Every June or July of every year, motor racing vehicles – especially historic ones -- flock at West Sussex, England to challenge the hillclimb event of the highly prestigious Goodwood Festival of Speed. For the first time in the festival’s history, a vehicle will brave the hillclimb without a driver behind its wheels.
So far, the Goodwood Festival of Speed has been graced by conventionally powered and electrified vehicles. However, all of these vehicles completed the 1.86-km (1.16 miles) hillclimb with a driver piloting the steering wheel. This is due to change this July 12, 2018 when an autonomous vehicle created by the collaboration between Siemens and Cranfield University tries to run the course.

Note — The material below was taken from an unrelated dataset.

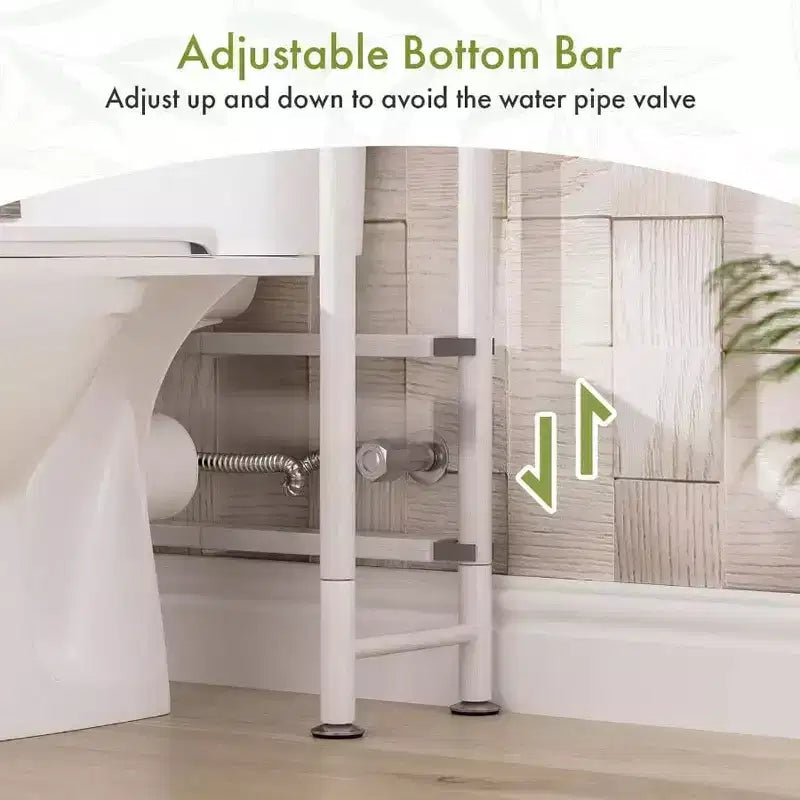 Étagère de rangement à trois niveaux avec une finition blanc mat, facile à installer et de grande capacité.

People who might want to witness the first autonomous hillclimb at the Goodwood Festival of Speed, however, should not expect an all-new self-driving car climbing its way up to the Goodwood House. Instead, they should look out for 1965 Ford Mustang with a distinctive silver wrap. The sides of this 1965 Mustang feature the number “25”, commemorating the 25th anniversary of Goodwood. This autonomous Mustang also features the blue “Siemens” logo and a stripe running on the lower flank with the same color as the logo. Stripes of the same color are also found on the hood and roof of the autonomous Mustang.

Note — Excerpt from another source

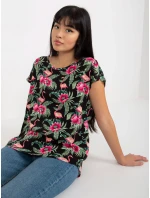 Dámská halenka model 18116277 černá a zelená - FPrice Dámská halenka model 18116277 černá a zelená - FPrice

While Siemen’s Ford Mustang is from more than 50 years ago, this autonomous car contains a futuristic technology. Its overall looks may not indicate its true capability, but this self-driving classic Mustang is all ready to challenge the hillclimb at the Goodwood Festival of Speed. The 1965 Mustang will make its first attempt for the autonomous hillclimb on July 12. If the autonomous pony car managed to complete the hillclimb, it would make more attempts on July 13, 14 and 15. Video footage of the hiillclimb attempt will be live-streamed on the festival.

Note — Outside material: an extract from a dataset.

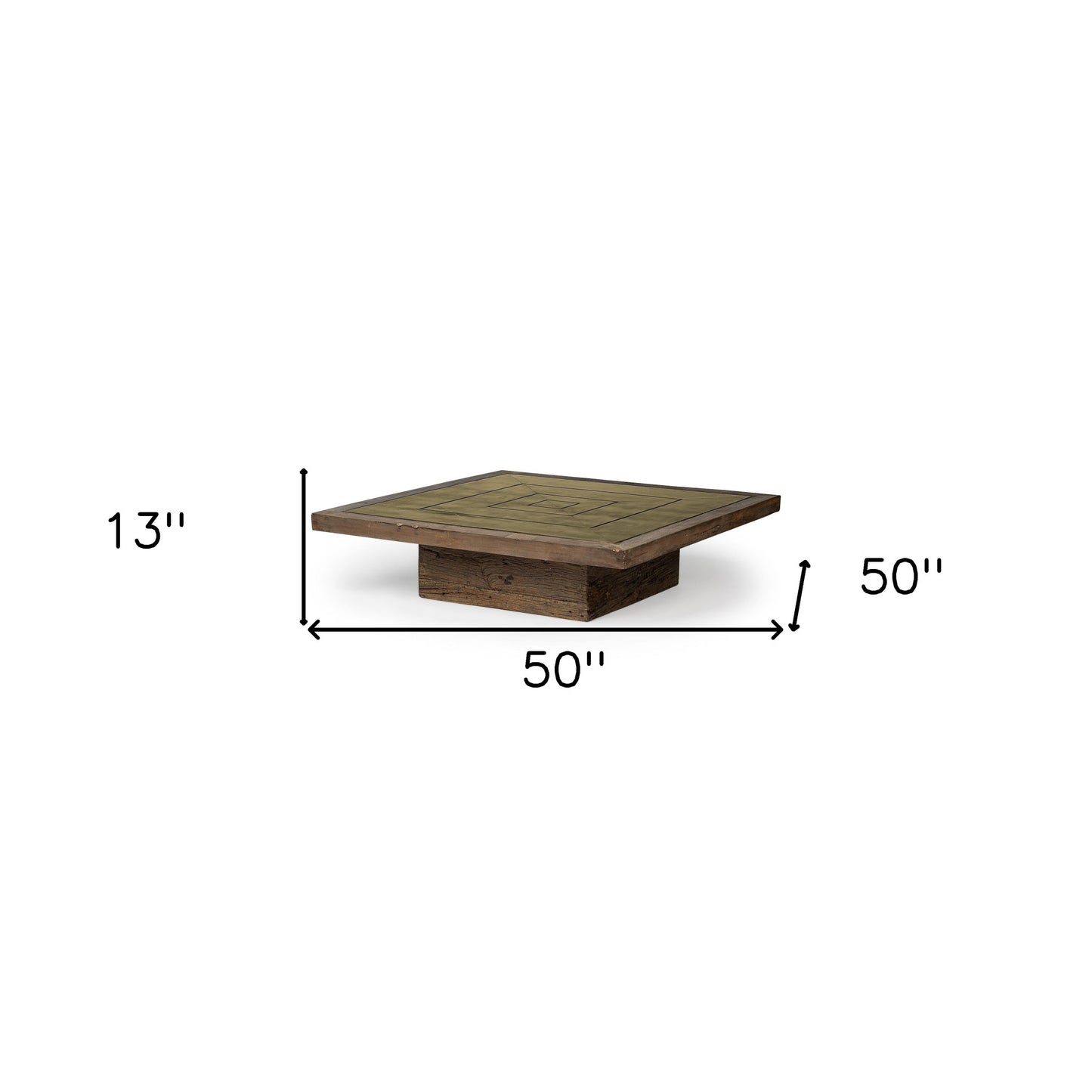 Brown Solid Wood Square Distressed Coffee Table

At more than more than 50 years old, the 1965 Mustang isn't really a vehicle developed and designed to be autonomously driven, let alone make the hillclimb at the Goodwood Festival of Speed. Thus, a number of challenges for the engineering team of the Siemens Autonomous Hillclimb challenge project. For instance, it proved tricky to adapt the traditional steering and suspension components in order to achieve a precise car control needed to complete the run.
In preparation for the hillclimb, the engineering team developed an accurate three-dimensional scan of the track at Goodwood to ensure awareness of the car’s position during the run. The team even employed an advanced location scanning technology from Bentley Systems.
The autonomous 1965 Ford Mustang will be parked in the main paddock to allow visitors to view it up close while learning more about autonomous vehicle technology.